**The data**:
::::

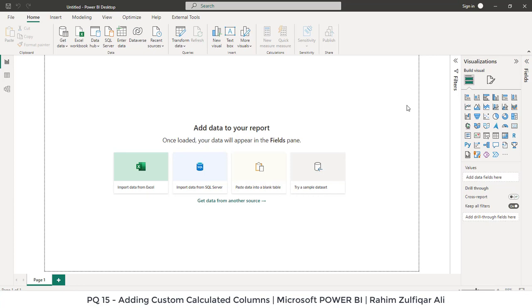Hi, this is Rahim Zulfiqarali from Excel Basement. In this video, we will learn how we can add calculated fields by adding a custom column in Microsoft Power Query.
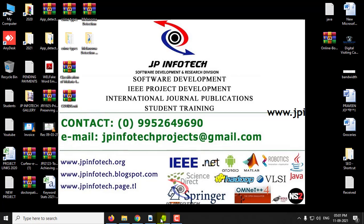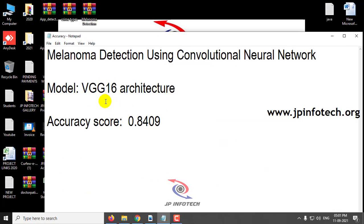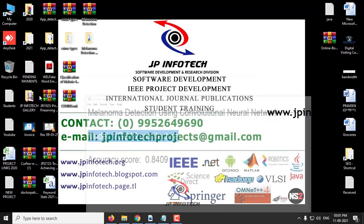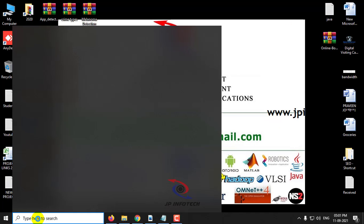We have used VGG-16 architecture for the implementation, and the accuracy score achieved is 0.8409, which is around 84%. Now let us see the execution of the project.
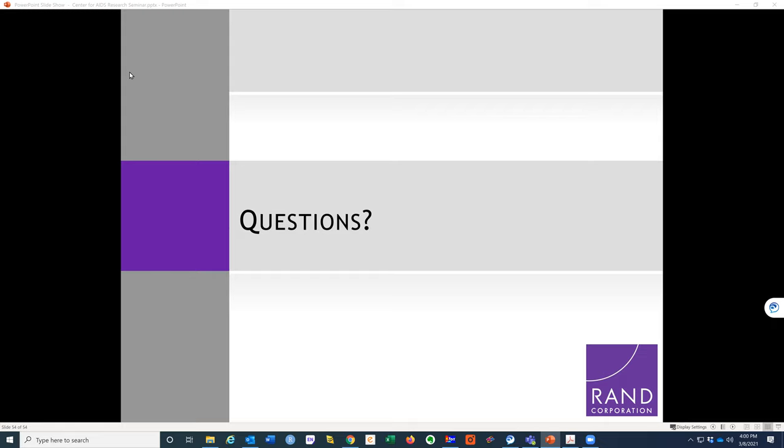People are welcome to stand up and stretch, and then we'll pull up EgoWeb for the second part of the talk. Please continue to put questions in the chat. I found the book mentioned — egocentric analysis by Brea Perry — and shared it in the chat.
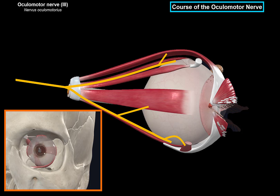The inferior oblique is interesting — it originates from the medial or nasal side, runs underneath the eyeball, and attaches to the inferior lateral portion of the eyeball. When it contracts, it pulls upward, elevating the eyeball and rotating it outwards — superior and lateral rotation. A helpful acronym is LR6, SO4, ATR3: lateral rectus is the 6th cranial nerve, superior oblique is the 4th cranial nerve, and all the rest are innervated by the 3rd cranial nerve.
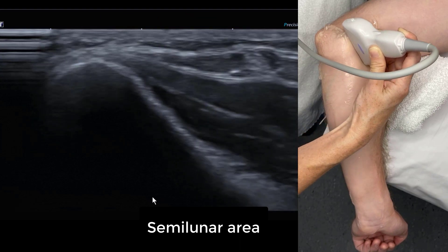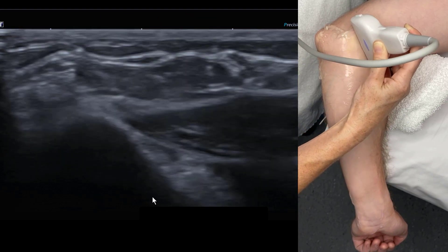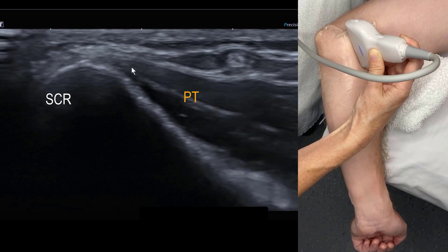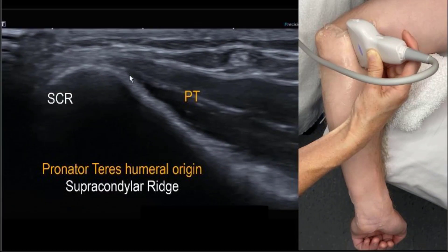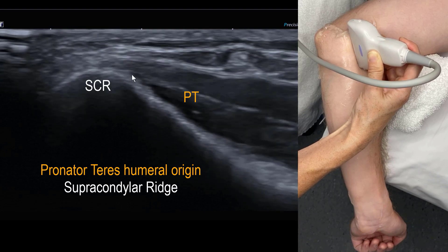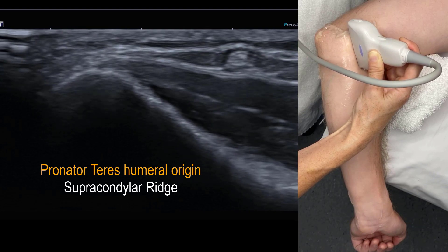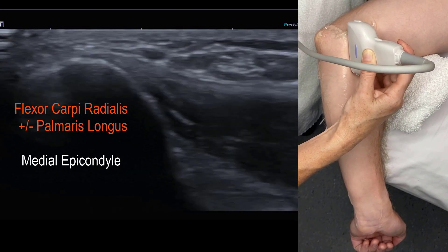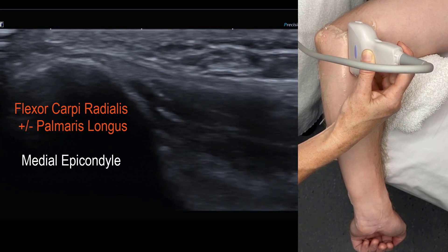As we move up towards the humerus, we lose that semilunar area and fall onto the muscular pronator teres. This is the humeral origin, so we also include this in any examination of medial epicondylar pain. We can use it as a landmark or stepping stone to the common flexor tendon examination.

::::

Copy exactly the lines from the line that holds "We have used" to the end of the listing, both included. Leave the pictures out.

**Finished exercise**:
We have used VGG-16 architecture for the implementation, and the accuracy score achieved is 0.8409, which is around 84%. Now let us see the execution of the project.
People are welcome to stand up and stretch, and then we'll pull up EgoWeb for the second part of the talk. Please continue to put questions in the chat. I found the book mentioned — egocentric analysis by Brea Perry — and shared it in the chat.
The inferior oblique is interesting — it originates from the medial or nasal side, runs underneath the eyeball, and attaches to the inferior lateral portion of the eyeball. When it contracts, it pulls upward, elevating the eyeball and rotating it outwards — superior and lateral rotation. A helpful acronym is LR6, SO4, ATR3: lateral rectus is the 6th cranial nerve, superior oblique is the 4th cranial nerve, and all the rest are innervated by the 3rd cranial nerve.
As we move up towards the humerus, we lose that semilunar area and fall onto the muscular pronator teres. This is the humeral origin, so we also include this in any examination of medial epicondylar pain. We can use it as a landmark or stepping stone to the common flexor tendon examination.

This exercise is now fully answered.